***** Dataset records

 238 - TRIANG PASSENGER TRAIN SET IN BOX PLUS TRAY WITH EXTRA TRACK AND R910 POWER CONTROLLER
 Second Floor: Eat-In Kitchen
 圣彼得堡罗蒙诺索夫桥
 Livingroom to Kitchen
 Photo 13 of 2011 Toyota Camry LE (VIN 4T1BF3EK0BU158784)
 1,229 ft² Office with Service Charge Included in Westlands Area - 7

**********
***** Dataset records

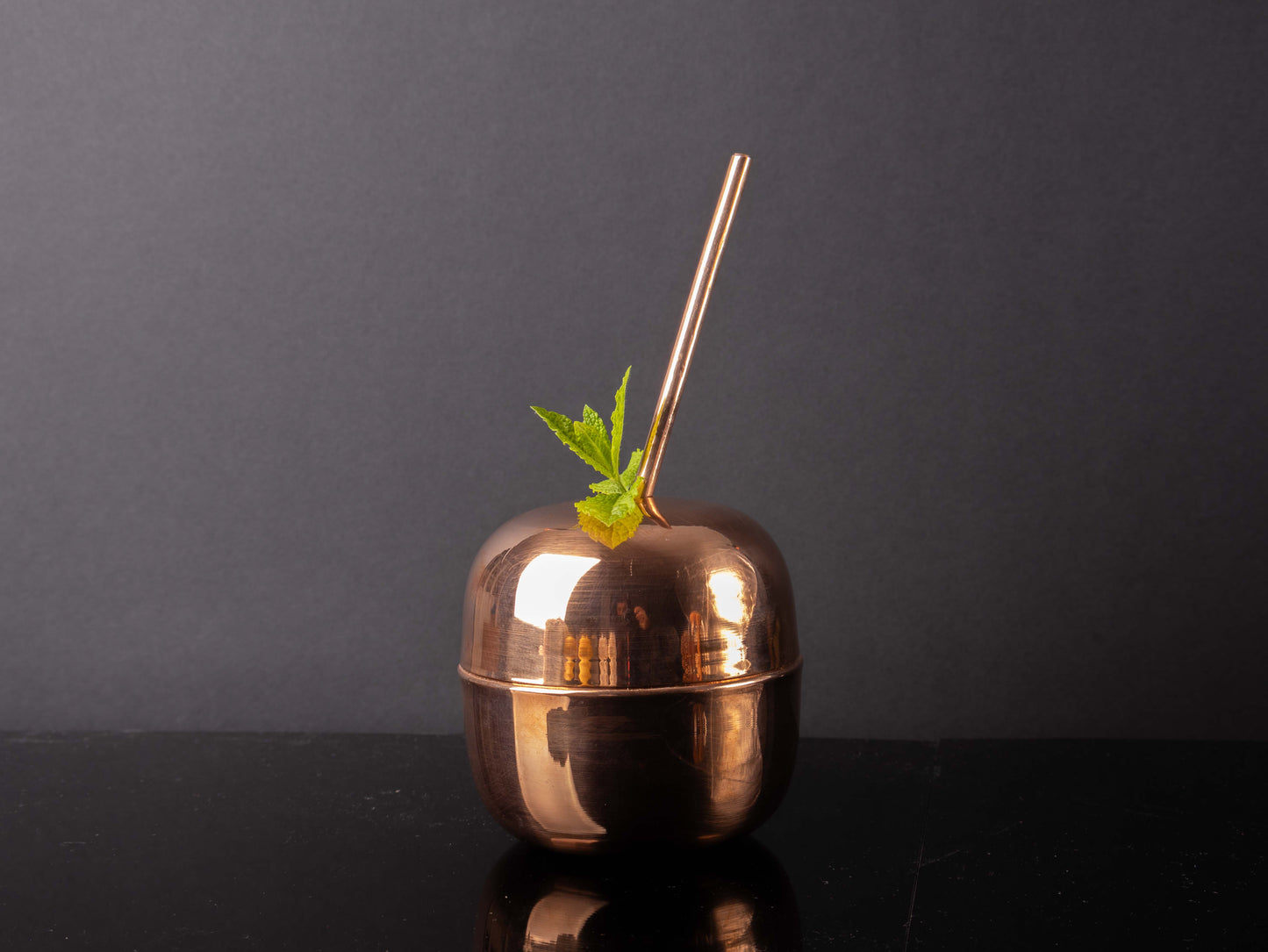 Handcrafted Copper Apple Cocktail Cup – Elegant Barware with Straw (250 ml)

**********
***** Dataset records

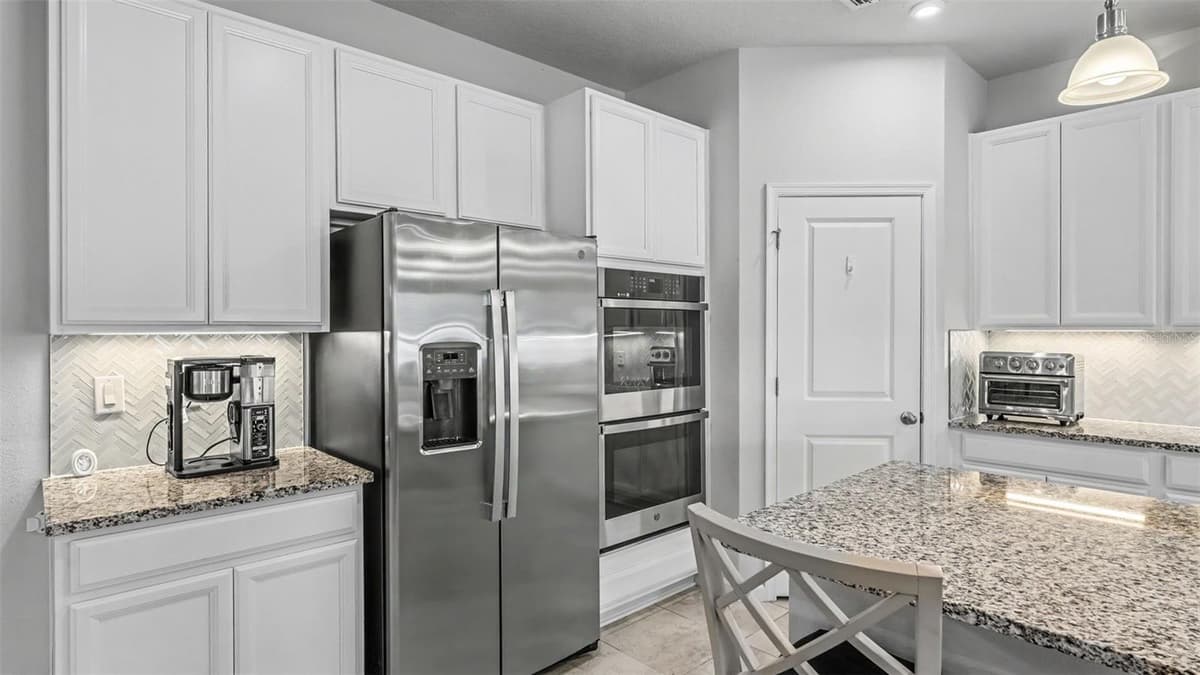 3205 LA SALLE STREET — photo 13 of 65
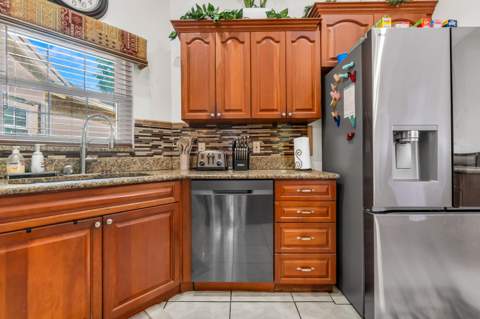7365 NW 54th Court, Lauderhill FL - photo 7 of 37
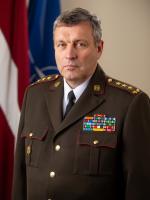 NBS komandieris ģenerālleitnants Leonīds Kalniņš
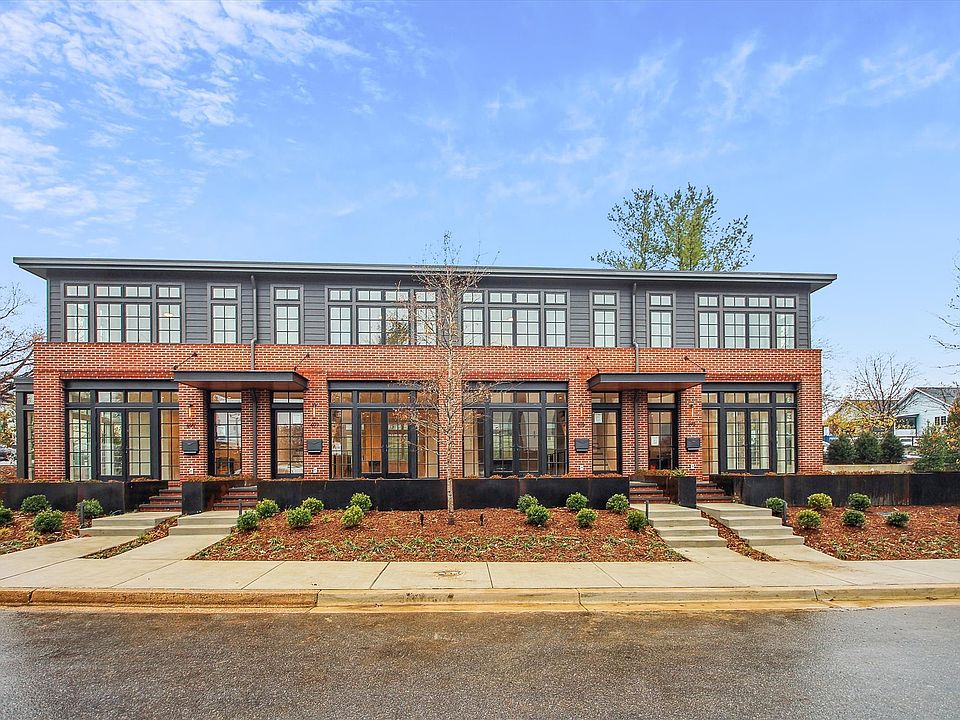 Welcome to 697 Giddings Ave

**********

Activity
Taking the lines above, repeat exactly those from the line that contains "238 - TRIANG" through the line that contains "1,229 ft² Office", and both of those lines as well. Include nothing else.

Solution to this problem
 238 - TRIANG PASSENGER TRAIN SET IN BOX PLUS TRAY WITH EXTRA TRACK AND R910 POWER CONTROLLER
 Second Floor: Eat-In Kitchen
 圣彼得堡罗蒙诺索夫桥
 Livingroom to Kitchen
 Photo 13 of 2011 Toyota Camry LE (VIN 4T1BF3EK0BU158784)
 1,229 ft² Office with Service Charge Included in Westlands Area - 7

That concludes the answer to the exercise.